Wednesday, June 10, 2015

Thief I Fan-Mission: "Calendra's Cistern", by "Purah" and "Team Calendra"

(Additional note on the authors: "Team Calendra" is the already-noted "Purah", who was the main designer of this mission, and also: "Totality", "Thumper", "Loanstar", and "Deep Qantas".)

            Some missions are great for their level design, others for their ingenuity, but then there are some that shine for their production value. For any fan content, production value can be measured by how much custom or new content there is, or by how much the author ‘remixes’ the default content of the original games.

Fan-mission author Purah is perhaps the best at this. Though the three categories listed in my opening sentence here are certainly not mutually exclusive—all Thief fan missions have some amount of great level design, ingenuity, or production value—Purah’s production outshines just about any other author’s, and this is especially the case given the time period he released his missions in. Released in August of 2000, “Calendra’s Cistern” had advanced features not discoverable in other FMs. For one, near the starting point is a shop the player can go into and buy items from. Programming this into the mission was a very tough feat: though all Thief missions open up with a “shop”, it’s just a menu that precedes the start of the actual mission. Here, the shop is a full-fledged building that is part of the actual mission.


            “Cistern” also has something no other Thief mission at this point had had—an AI partner for Garrett. Now, this AI partner does not accompany Garrett throughout the mission. She, a thief named Mercedes, just shows up and chats with Garrett a few times, and at the end of the mission walks with Garrett down a city street. The AI is fully-voiced, and not just with stock audio files from Thief’s original voice files, but by one of the mission’s developers.

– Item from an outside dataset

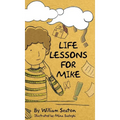 Life Lessons for Mike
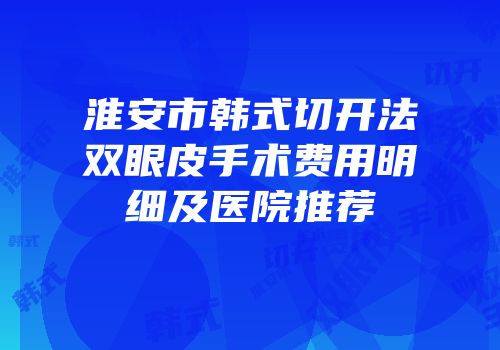 淮安市韩式切开法双眼皮手术费用明细及医院推荐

            On the topic of audio, Purah does string together some interesting conversation and AI chatter from the game’s vanilla voice files. And there are some other new audio sounds as well. In all, the production value is very slick. Purah did have a team behind him to work on this mission, but in all it was just five authors, and Purah did most of the work (user “Totality” programmed the in-game shop, though).


            My focus here has been on new features and production, but I also want to note the level design itself. The level is divided into three main segments: the city area, which is where the player starts out in; the temple area, which is the ‘main building’ in the mission; and the underground areas, which include a sewer system, some ruins, and a large shrine. Throughout the mission each of these areas connects with the others, doing what so many Thief missions do so well: interweaving each area of the mission multiple times.